UII UPDATE 430 | NOVEMBER 2025

Intelligence Update

What the Azure outage revealed about internet fragility

On October 29, 2025, Microsoft Azure experienced a significant global service disruption triggered by a configuration change in its edge-delivery network fabric. The incident began at approximately 16:00 UTC, when the company's global content delivery network (CDN) service, Azure Front Door (AFD), began rejecting or timing out requests across its international fleet.

A modern CDN is a globally distributed network layer positioned between users and application backends.
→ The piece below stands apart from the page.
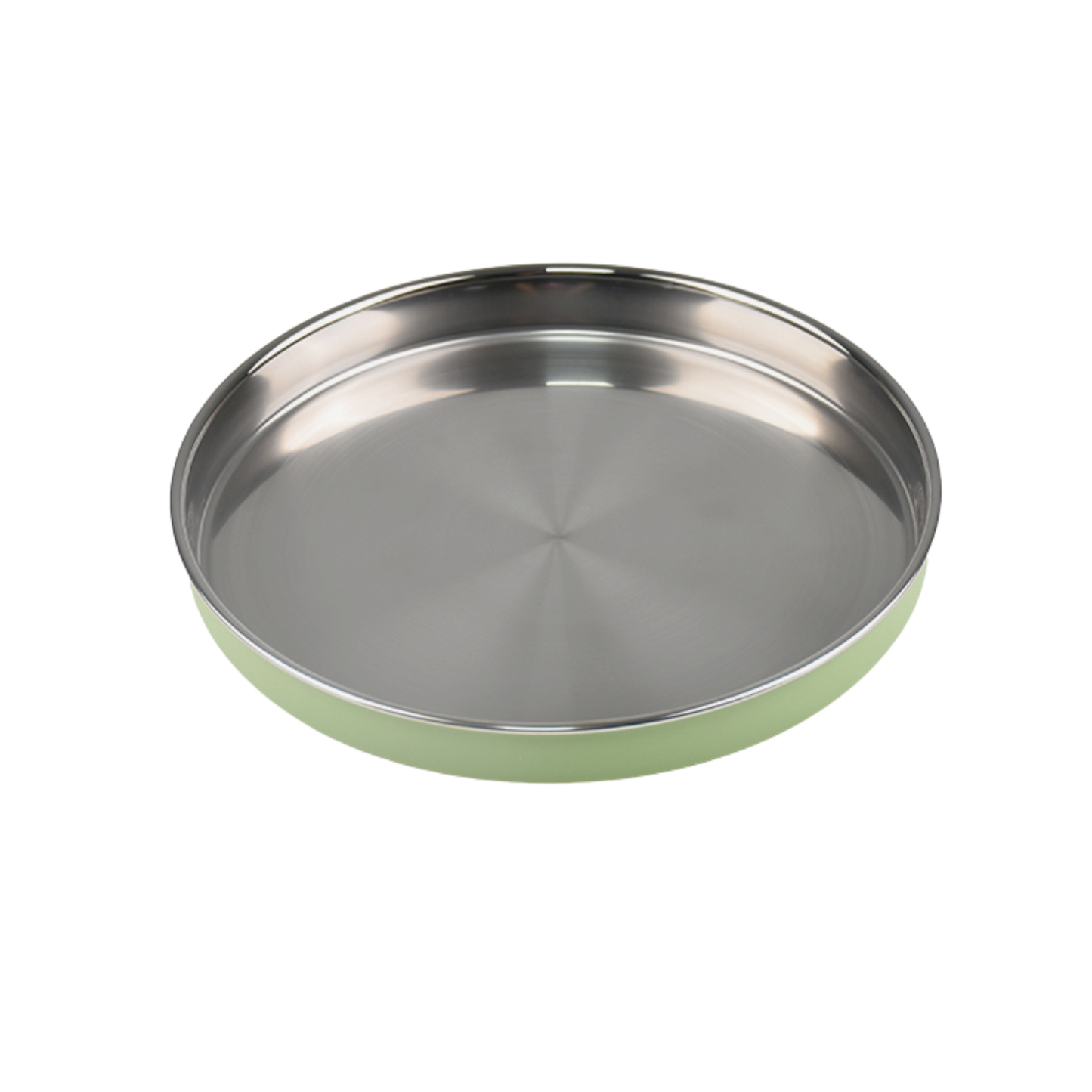 Everyday Stainless-Steel Plate - Sage Green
Instead of sending traffic across multiple independent internet networks, it terminates user connections at geographically dispersed points of presence and forwards them across a single private backbone under unified control. This enables consistent routing behavior and can improve performance, availability and security. Static and semi-static content may be cached at the edge to reduce latency and offload origin infrastructure. Advanced CDNs also typically incorporate distributed denial of service (DDoS) attack protection, application-layer firewalling and other security controls.

AFD implements this edge-delivery model using a network of approximately 190 edge points of presence across more than 100 metropolitan locations, which serve as the first termination point for client sessions. Requests are processed at these edge sites before being forwarded across Microsoft's private network backbone to the configured origin. AFD’s control plane distributes configuration and health-check policies to the edge fleet, enabling traffic steering and failover decisions. The service depends on consistent global configuration propagation and coordinated routing behavior.

It was the change in this behavior that caused the Azure outage.

The front door shut

Official status updates from Microsoft indicate an inadvertent configuration change” as the root cause. A deployment of a flawed configuration to AFD's control plane caused individual edge nodes worldwide to fail their health checks, refuse connections or return errors, despite the infrastructure's geographic redundancy. As these servers came offline, those remaining in service had to deal with increased load, exacerbating the issue.

Because many of Microsoft's end-user and enterprise services relied on AFD for ingress and routing, the failure propagated rapidly: products such as Microsoft 365, Minecraft and Xbox Live — as well as large corporate customers such as Starbucks, Alaska Airlines and Vodafone — reported errors, outages or degraded performance. In response, Microsoft deployed a rollback to the “last known good configuration”, blocked all further updates to AFD during remediation and gradually re-routed traffic away from the affected nodes.

The outage affected only AFD, with other cloud services remaining operational. Unfortunately, AFD was the entry point to those services. The applications were running, but users proxying via AFD could not reach them.

In practice, only a small subset of Azure's total customers was likely to be affected — only those using AFD. Most customers using AFD were also utilizing Azure’s broader public cloud capabilities. However, the outage demonstrated how networks and supporting edge services are often a single point of failure. Organizations using cloud are exposed to this risk, but so are those with on-premises IT deployments that rely on third-party network operators, CDNs and domain name systems (DNS) to connect users to applications.

Who is responsible?

A week before Azure’s incident, AWS suffered an outage across multiple services in the us-east-1 (North Virginia, US) region, due to an internal DNS error (see AWS outage: what are the lessons for enterprises?). Organizations that made the effort to deploy their applications across multiple availability zones in us-east-1 were not protected. Only those deployed across regions were unaffected by the outage.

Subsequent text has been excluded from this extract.